Segment Start: Records supplied

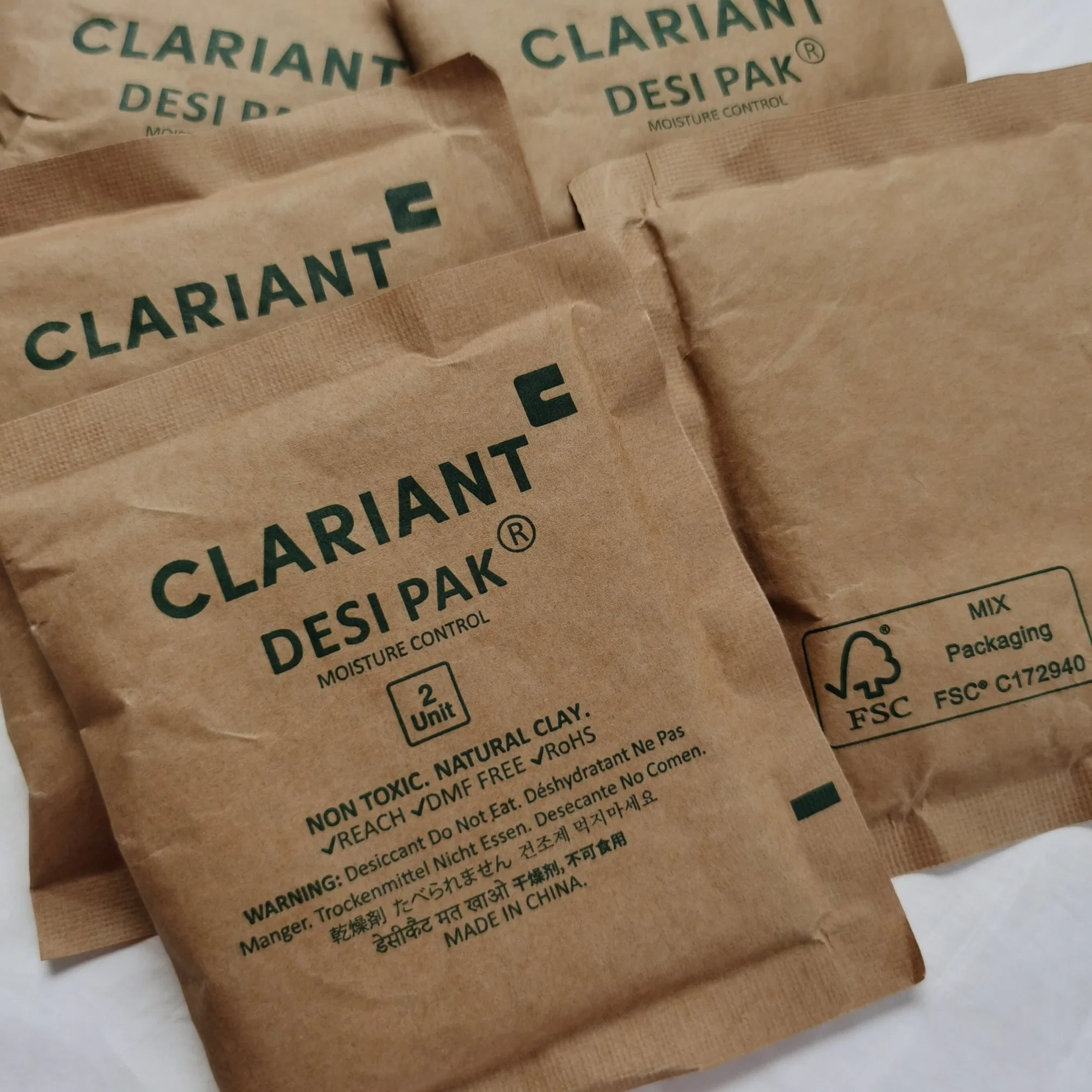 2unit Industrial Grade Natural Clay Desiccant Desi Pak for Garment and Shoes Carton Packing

Segment End: Records supplied
Segment Start: Records supplied

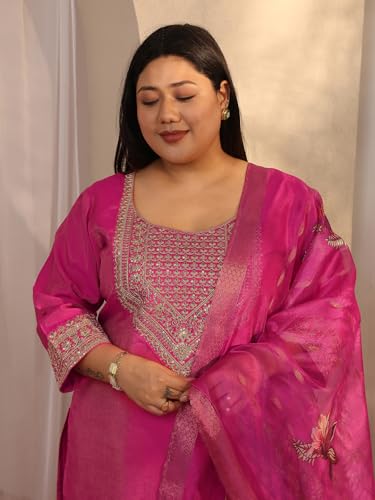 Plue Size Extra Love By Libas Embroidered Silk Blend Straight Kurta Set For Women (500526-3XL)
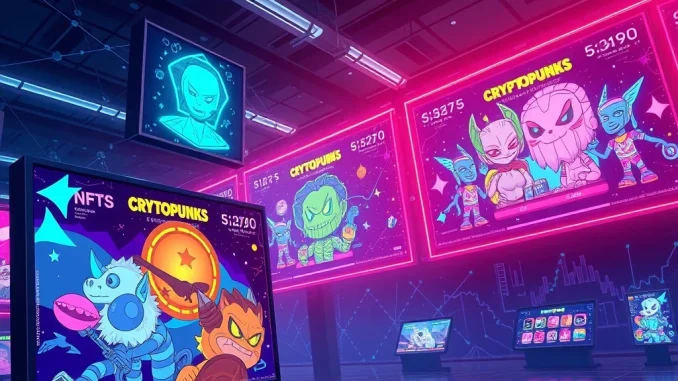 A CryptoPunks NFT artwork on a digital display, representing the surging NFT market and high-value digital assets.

Segment End: Records supplied

▸ Exercise:
Treat the line with "Plue Size Extra" as the start and the line with "A CryptoPunks NFT" as the end, and return exactly that span of the data above, both ends included, without pictures.

▸ Response to this task:
 Plue Size Extra Love By Libas Embroidered Silk Blend Straight Kurta Set For Women (500526-3XL)
 A CryptoPunks NFT artwork on a digital display, representing the surging NFT market and high-value digital assets.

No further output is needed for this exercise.